*SOURCE MATERIAL*:
———
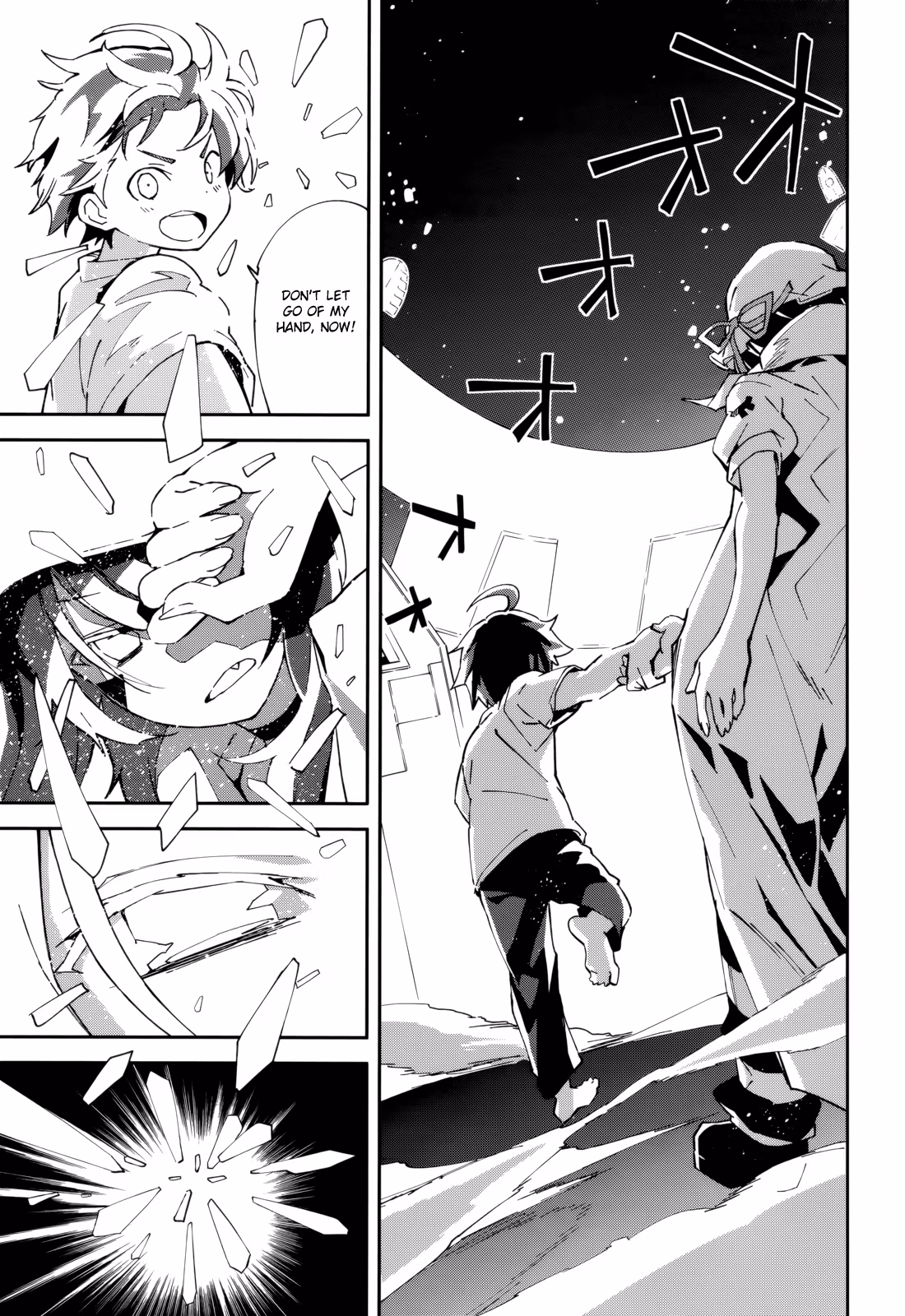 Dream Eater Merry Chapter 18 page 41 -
———
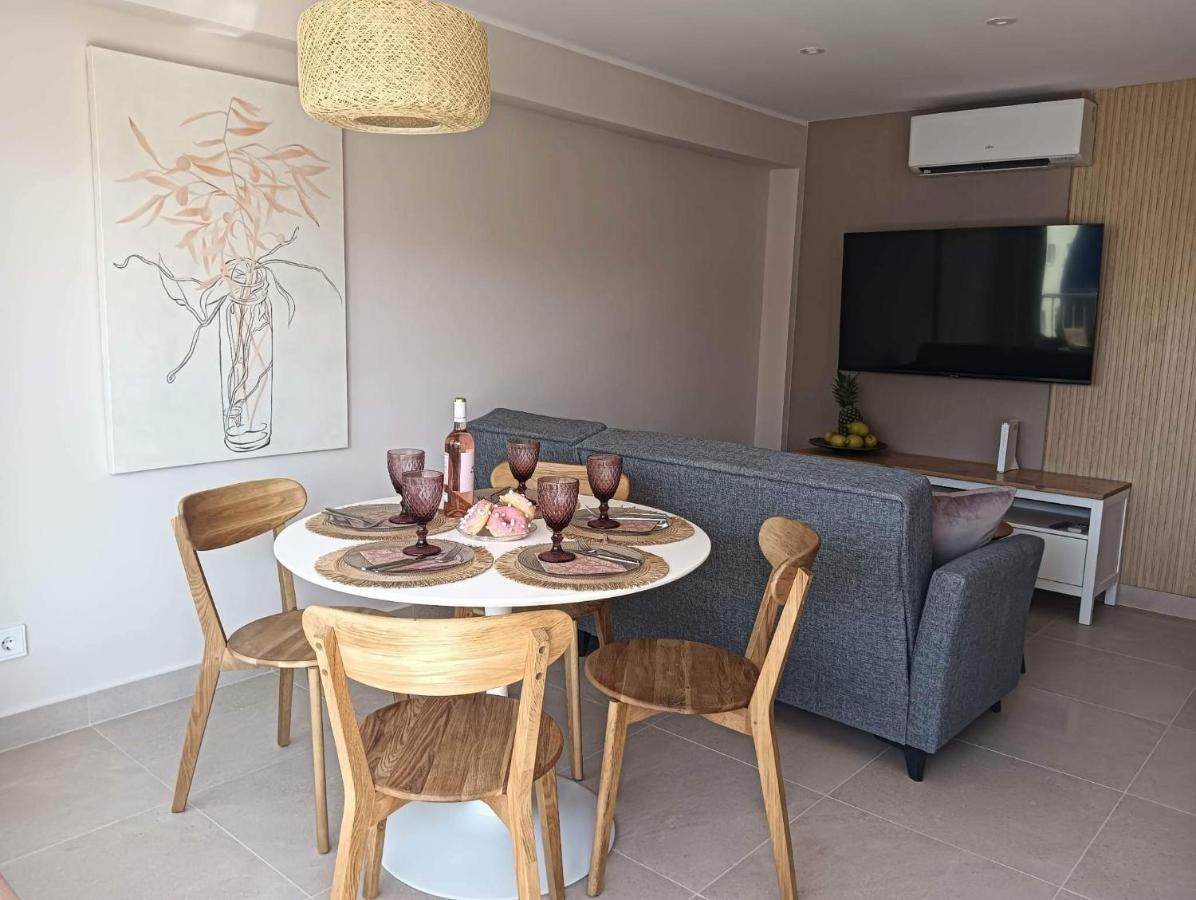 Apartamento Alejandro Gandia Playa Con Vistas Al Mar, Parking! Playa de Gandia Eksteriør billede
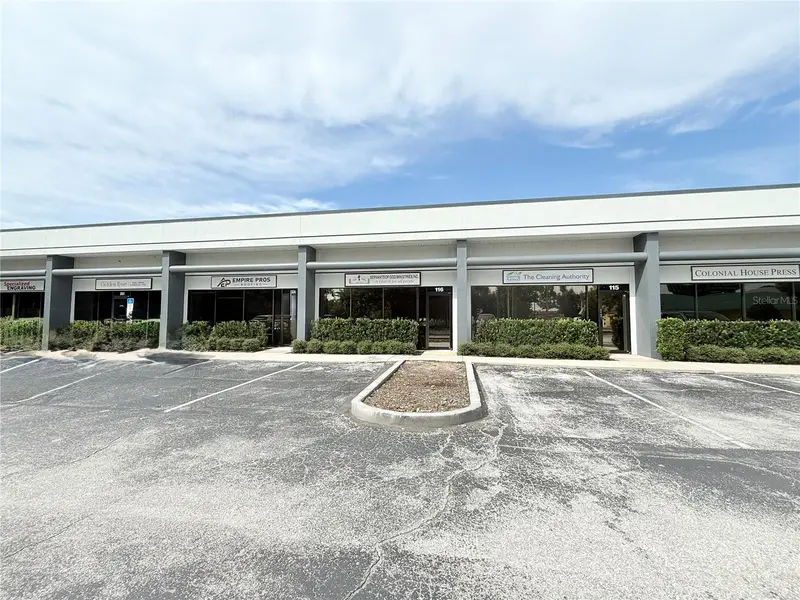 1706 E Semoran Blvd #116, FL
———
*REQUIRED ACTION*:
Leaving out each picture, repeat exactly the lines above from the one that contains "Apartamento Alejandro Gandia" through the one that contains "1706 E Semoran Blvd #116, FL".

*PROBLEM SOLUTION*:
 Apartamento Alejandro Gandia Playa Con Vistas Al Mar, Parking! Playa de Gandia Eksteriør billede
 1706 E Semoran Blvd #116, FL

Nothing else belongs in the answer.